- Assignment -
Transcribe exactly, and without pictures, the lines from the one that contains "Pair of tribal" through the last line of the material.

- The input -
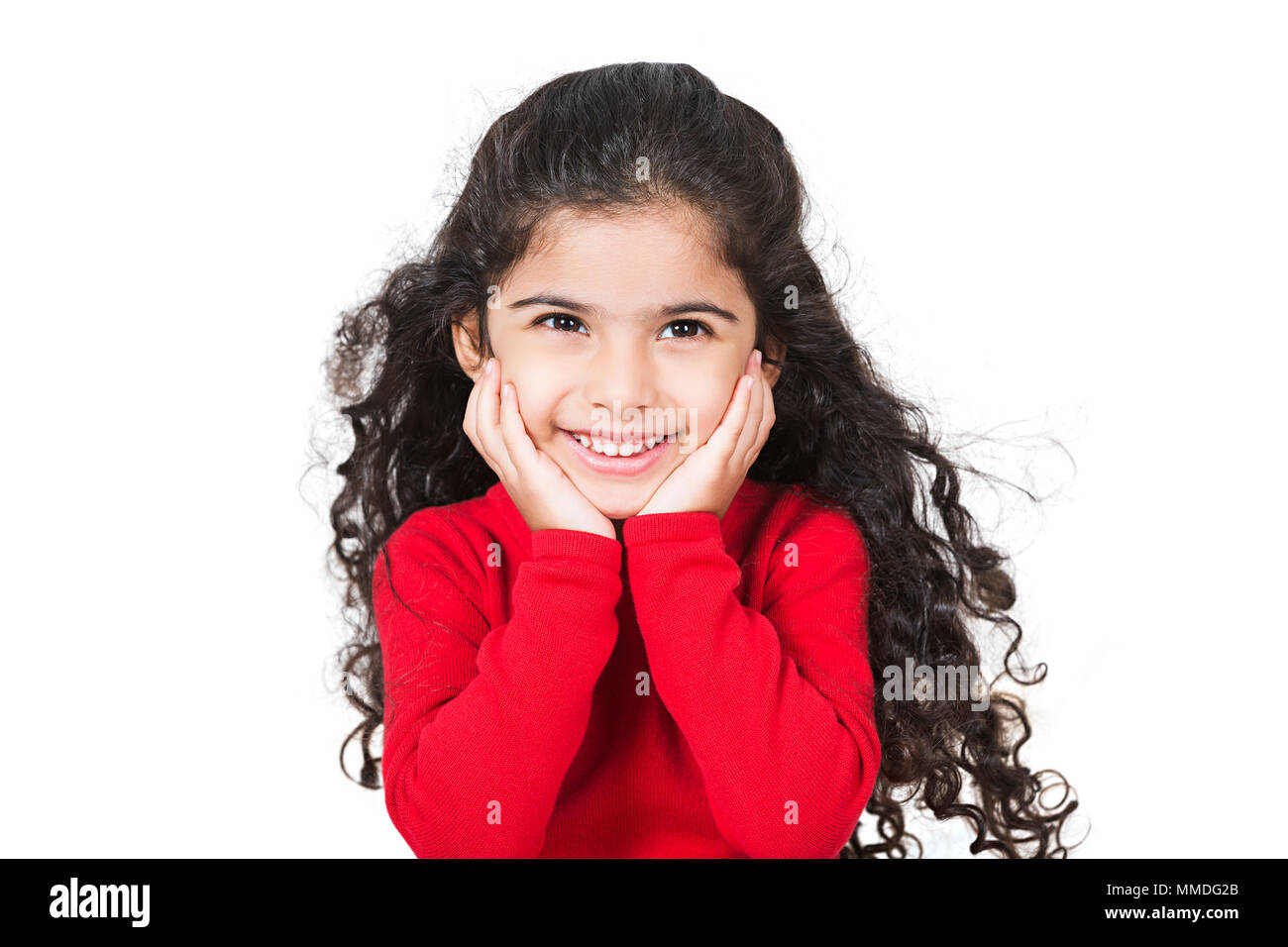 Un niño niña sonriente con la mano en el mentón Looking-Away inclinada disfrutando Foto de stock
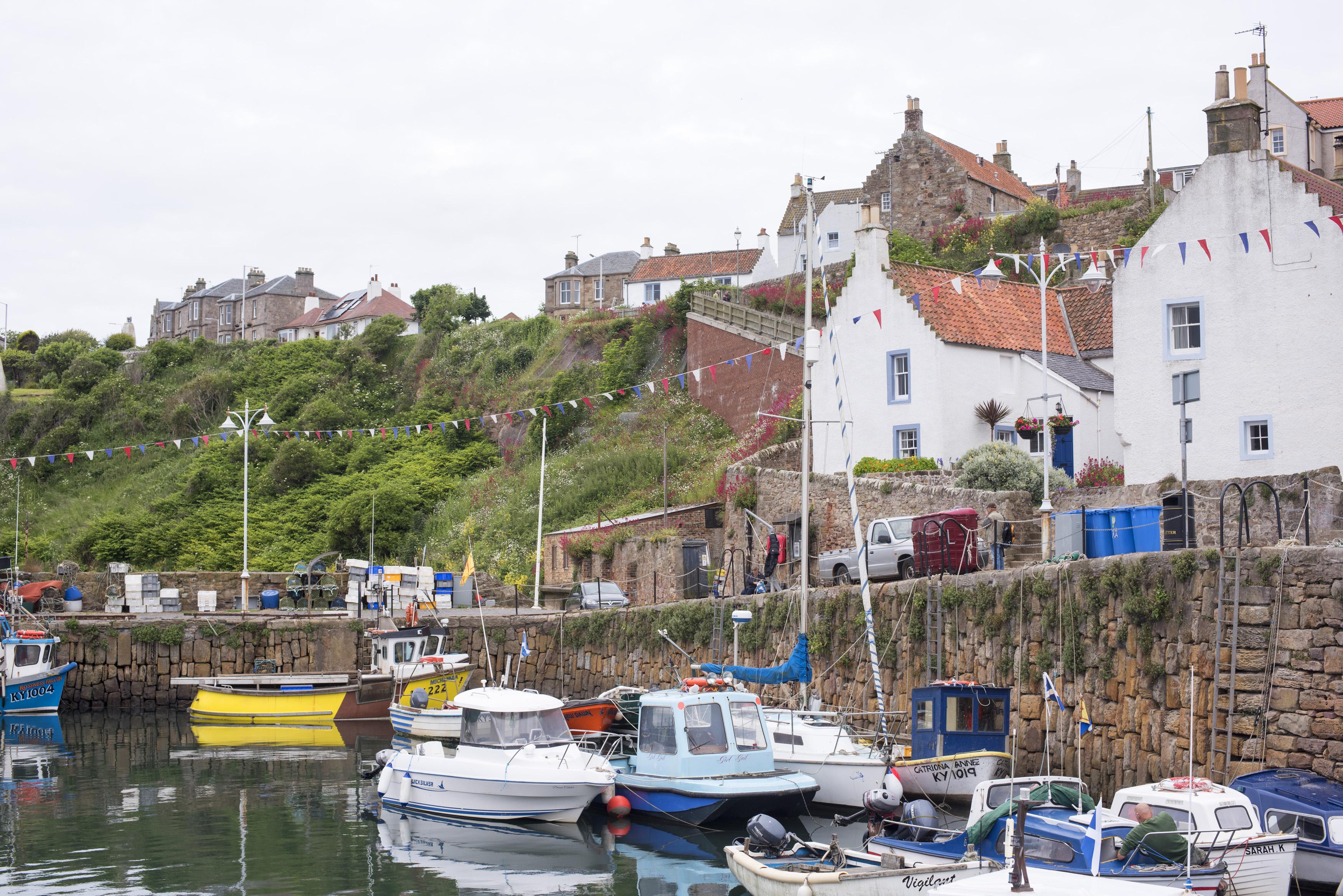 an image of Waterfront view of small fishing boats moored at Crail, Scotland, a picturesque fishing village on the Fife coast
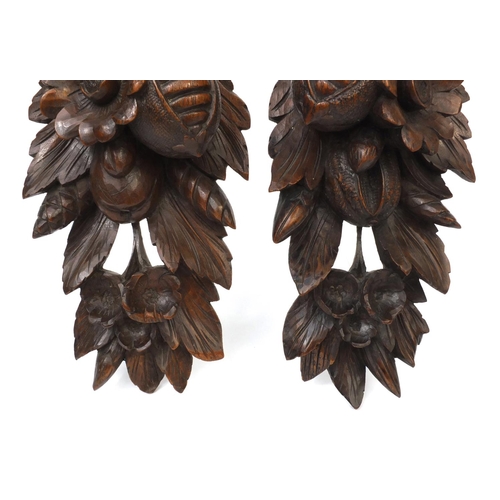 70 - Pair of black forest wall appliques carved with flowers and foliage, each 34cm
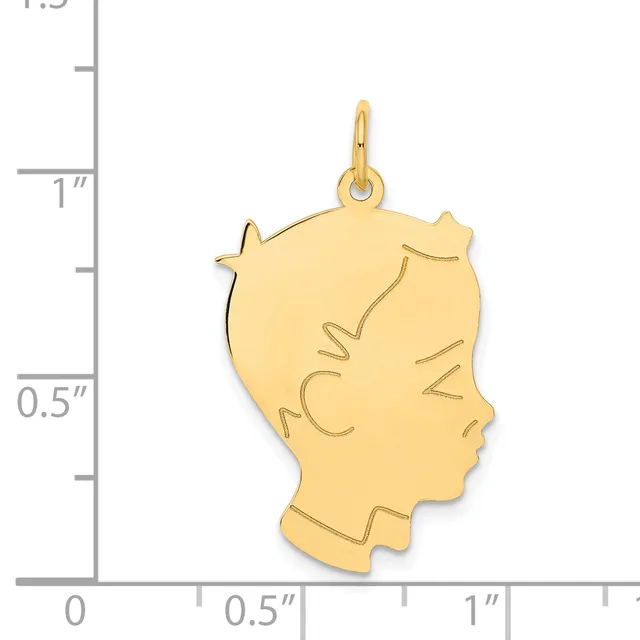 Gold-colored profile pendant of a woman's head with decorative line details, shown next to a measurement scale indicating approximately one inch in height.
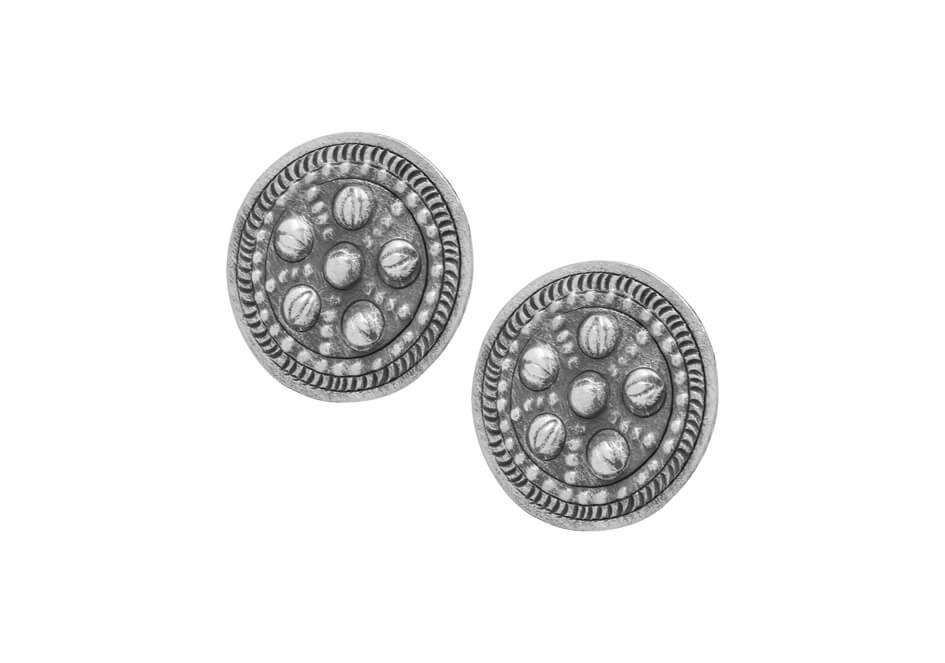 Pair of tribal silver stud earrings from Hill to Street over white background
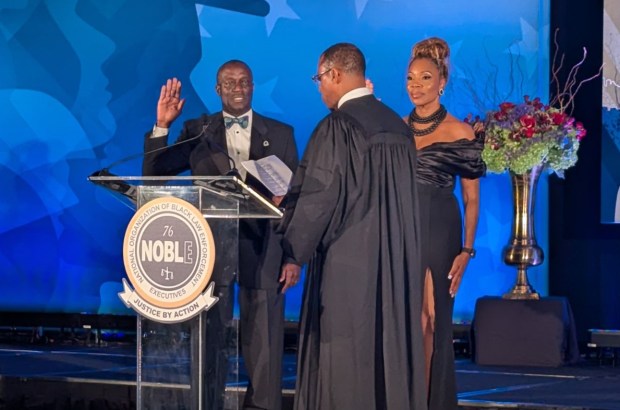 Hazel Crest police Chief Mitchell R. Davis III, left, is sworn in as 2nd vice president of the National Organization of Black Law Enforcement Executives during a ceremony Aug. 13 in New Orleans. (Village of Hazel Crest)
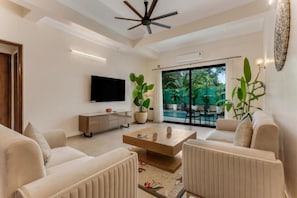 A modern living room with a flat-screen TV, a ceiling fan, and a large sliding glass door leading to an outdoor area with plants.
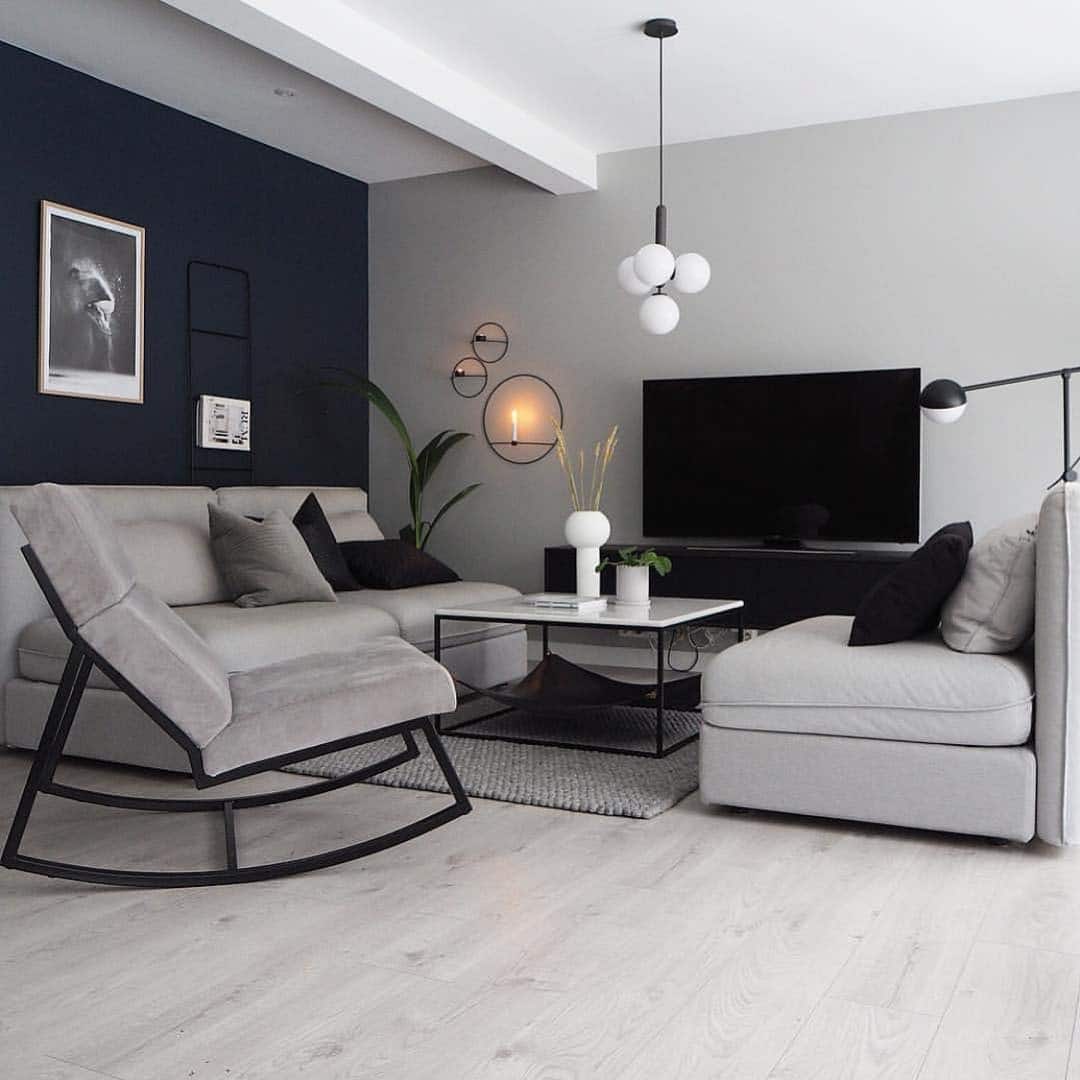 20. Contemporary Grey Layout With Statement Lighting - grey, black and white living room ideas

- Answer -
 Pair of tribal silver stud earrings from Hill to Street over white background
 Hazel Crest police Chief Mitchell R. Davis III, left, is sworn in as 2nd vice president of the National Organization of Black Law Enforcement Executives during a ceremony Aug. 13 in New Orleans. (Village of Hazel Crest)
 A modern living room with a flat-screen TV, a ceiling fan, and a large sliding glass door leading to an outdoor area with plants.
 20. Contemporary Grey Layout With Statement Lighting - grey, black and white living room ideas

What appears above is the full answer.